Records shown Block Start

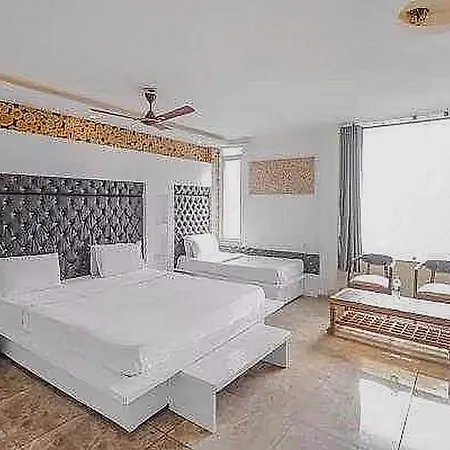 Super Hotel O Vivaan Residency-3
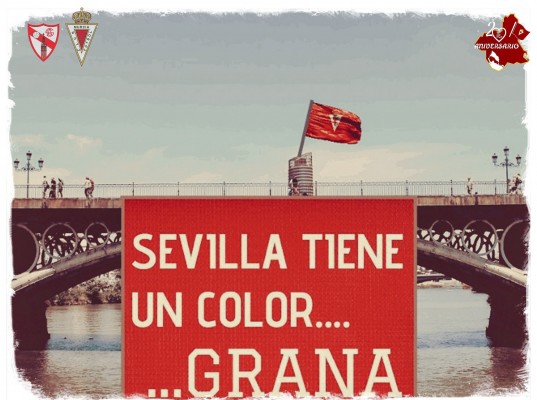 La Fepemur organiza un viaje para que los hinchas animen al Murcia en Sevilla 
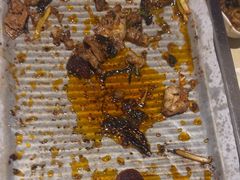 -玫瑰花园自助烤肉(顺义鑫海韵通店)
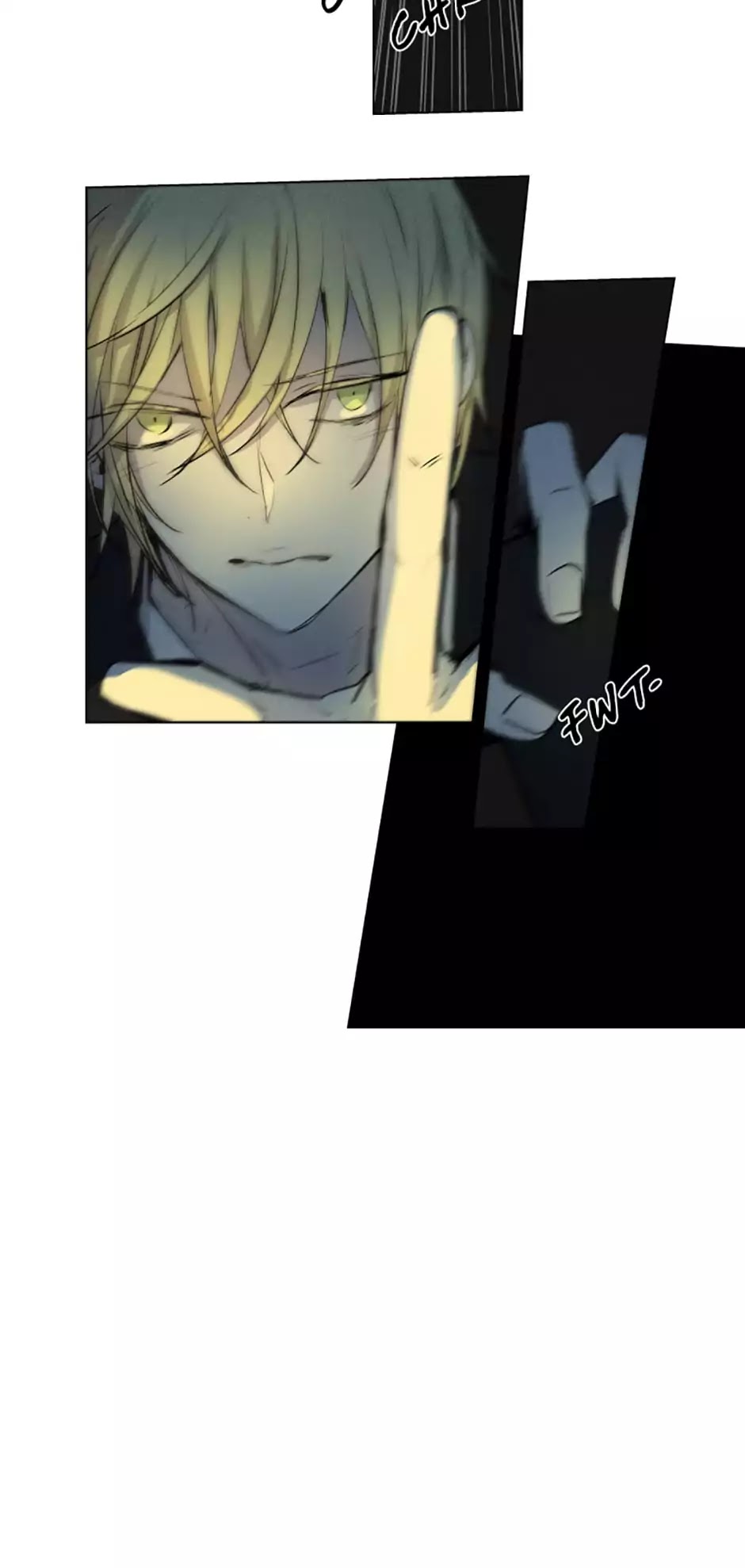 American Ghost Jack Chapter 84 page 25 - Chapter 84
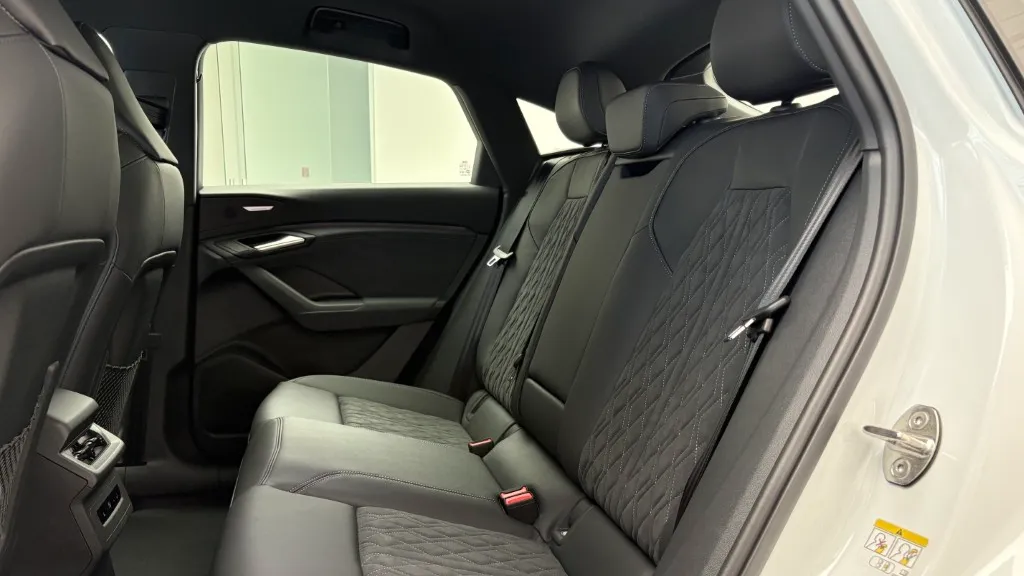 Obrázok Q6 Sportback e-tron quattro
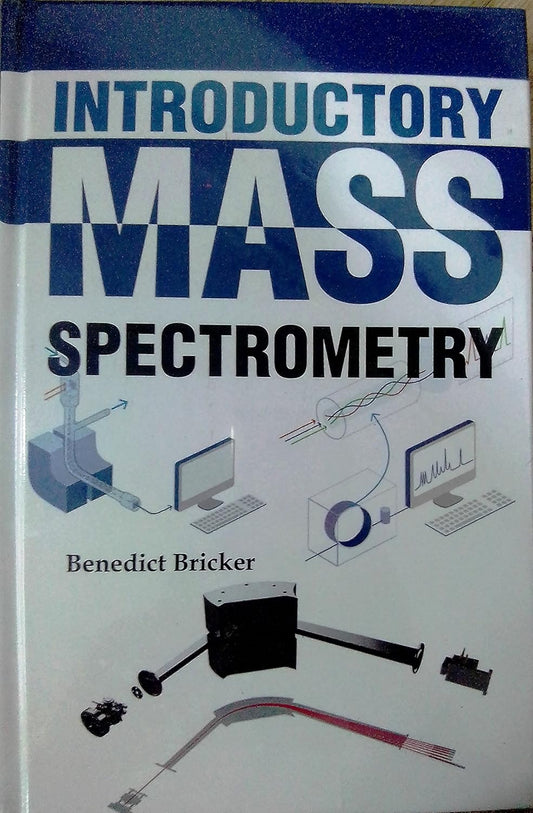 Introductory Mass Spectrometry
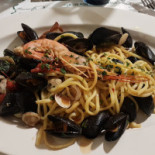 Settecentro Osteria Comida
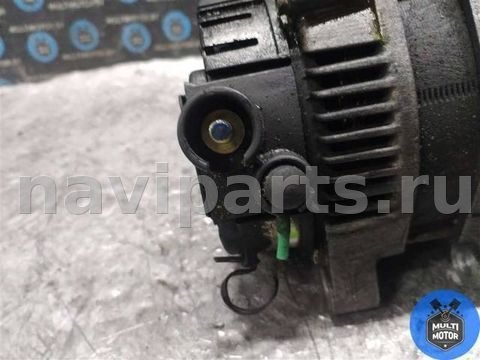 Генератор Citroen Berlingo, 2000 г., OEM 9635342080, арт. 00113215, фото 6
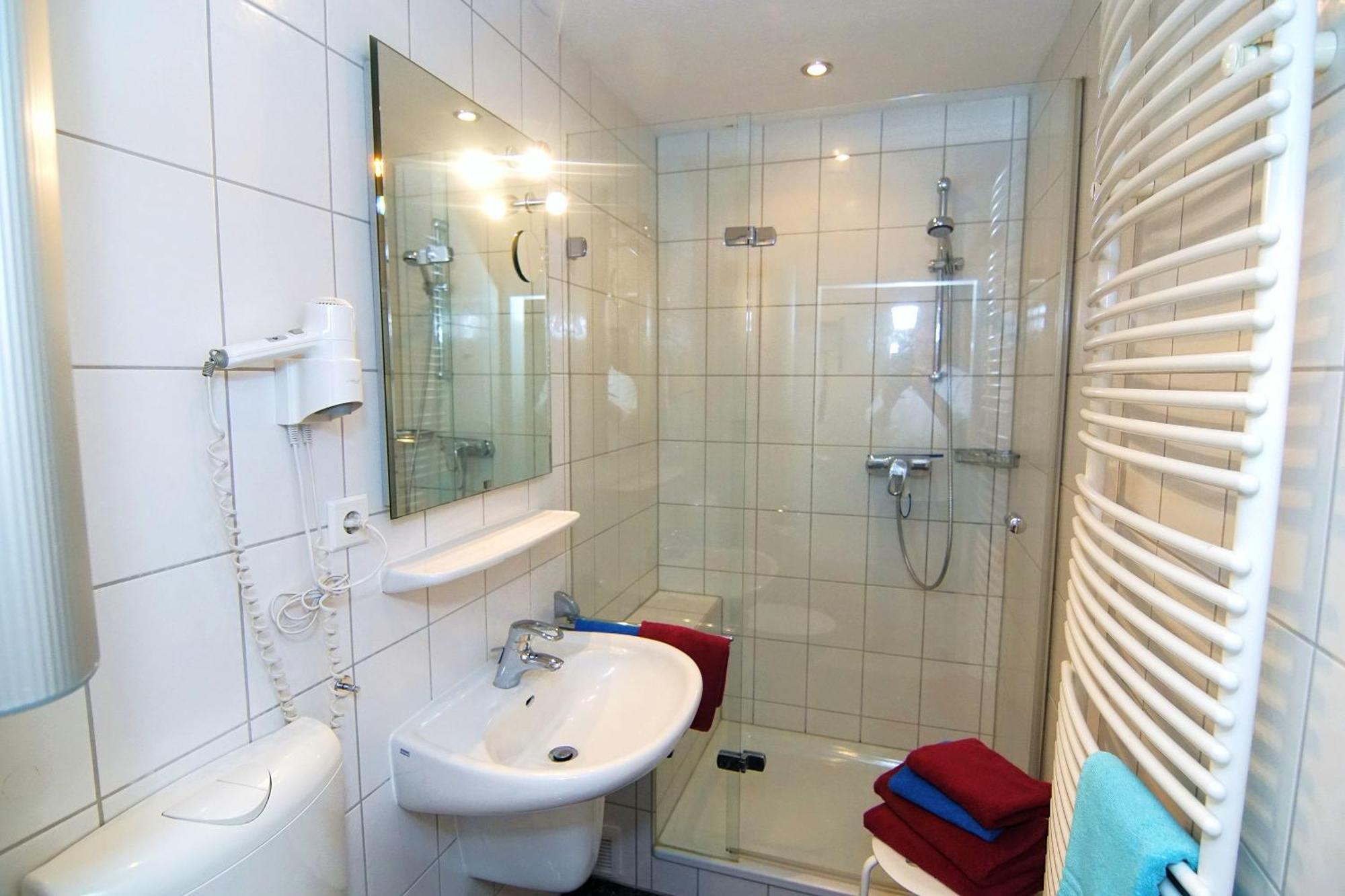 Bungalow Windsbraut Norddeich Kültér fotó
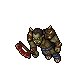 Orc Scout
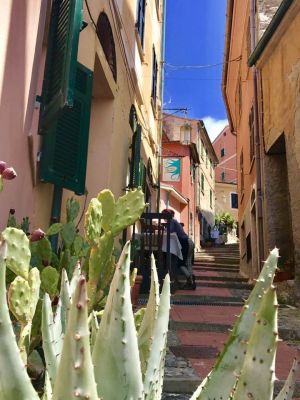 La Casa in Marina |  -  - 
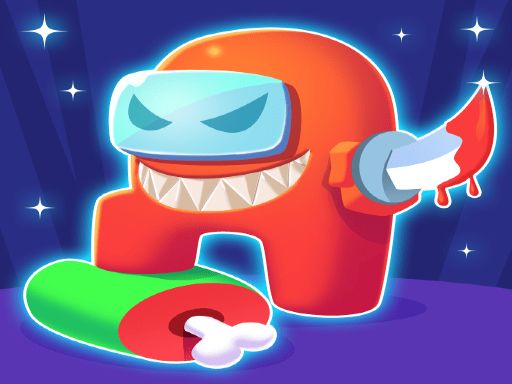 Imposter Solo Kill‏er - browser game screenshot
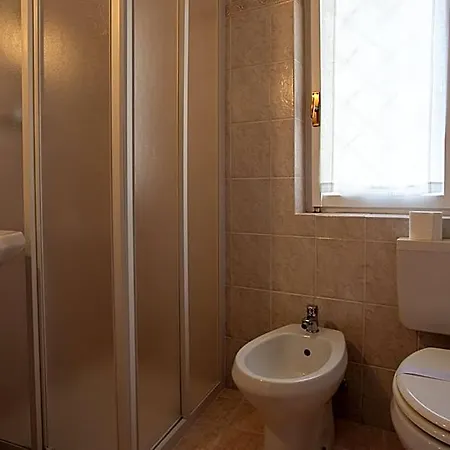 Eliani Hotel Grado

Records shown Block End

Emit the lines of the data above from the one containing "Bungalow Windsbraut Norddeich Kültér fotó" through its final line, both endpoints included. Pictures do not belong in the output.

 Bungalow Windsbraut Norddeich Kültér fotó
 Orc Scout
 La Casa in Marina |  -  - 
 Imposter Solo Kill‏er - browser game screenshot
 Eliani Hotel Grado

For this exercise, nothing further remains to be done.